Outer surface punctures:
As you look at your overinflated tube, you will see a single hole on the outer surface of the tube (the surface that corresponds to to the part of the tire that rolls along the ground). That indicates that a sharp object penetrated the tire and punctured the tube. The object may have fallen out, but just as likely, it is still embedded in the tire.

Before replacing the inner tube, run your fingers very carefully along the inside of the tire, feeling for anything sharp that may be protruding. At the same time, carefully eyeball the outside of the tire for embedded pieces of glass and other debris, and poke them out as you go along (a paper clip or sharp tweezers work well).

If your tire feels thin and flimsy, or has a lot of slits from previous contact with glass, consider replacing it with a puncture-resistant tire.

Sidewall punctures:
All tires have their recommended inflation pressure embossed on the sidewall, usually in units of PSI (which stands for Pounds per Square Inch). That number can seem incredibly high, especially if you are used to filling up car tires. Bicycle tires take much higher pressure than any car tire, and generally, the skinnier the tire, the higher the recommended pressure.

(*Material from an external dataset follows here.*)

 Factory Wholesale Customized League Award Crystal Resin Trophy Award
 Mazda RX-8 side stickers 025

Many people are reluctant to fill their bike tires to recommended pressure, perhaps because they are afraid of blow-ups. As you increase the amount of air in the tire, it gets harder and harder to pump, which can make you feel like you're overdoing it.  Yet, filling up tires to the correct pressure will protect you against one of the most common types of flats: the snakebite.

This type of hole is usually caused by riding on underinflated tires. When you hit a bump in the road, the lower-than-recommended pressure allows the tire to bottom-out against the sharp edge of the rim, and the inner tube becomes pinched in the process. You will recognize a snakebite if  you examine your overinflated tube, and discover two small holes, about 1/4" apart, usually on the side of the inner tube.

Inner surface punctures:
If your overinflated inner tube is losing air from its inner surface (the surface that would have been facing the rim), you will need to examine the inside of the rim, and the tire beads (see Anatomy of a Bicycle Wheel). Typical causes of this type of puncture include: a faulty rim strip, resulting in exposed spoke nipples or sharp rim surfaces, a burr on the inner seam of the rim, or a broken tire bead, with exposed wires digging into the tube.

Blow outs:
Sudden blow outs happen when the tube, instead of being safely encased inside the tire, becomes exposed to the outside world.

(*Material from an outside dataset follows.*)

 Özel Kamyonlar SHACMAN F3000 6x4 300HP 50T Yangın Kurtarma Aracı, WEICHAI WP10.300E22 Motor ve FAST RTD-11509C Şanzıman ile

This can happen if, when changing a flat, or filling the tire, a piece of tube inadvertently gets pinched between the rim and the tire. Sometimes it blows right away, but not always. Similarly, you can get a blow-out is the tire bead isn't correctly seated inside the rim, and the inner tube begins to protrude out. Generally, you will feel thumping for the short distance you may be able to ride.

Blow-outs can also occur when the integrity of the tire becomes compromised, and the tube starts to protrude. This can happen as a result of dry rot, a brake pad, fender or other mis-adjusted part rubbing over the tire, or the bead separating from the tire. Inspect your tires periodically to make sure they are in good condition.

Valve problems:
Occasionally, small amounts of debris get jammed inside the valve, causing it to be stuck in open position and leak air. If used improperly, certain flat-prevention products sealants can have the same effect.

Another type of valve failure can occur when you ride on underinflated tires. Every time you brake, the tube and tire continue to move just a little bit even as your wheel stops. This causes the valve to come through the rim hole at an angle. If this goes on long enough, the valve an separate from the body of the tube at the base.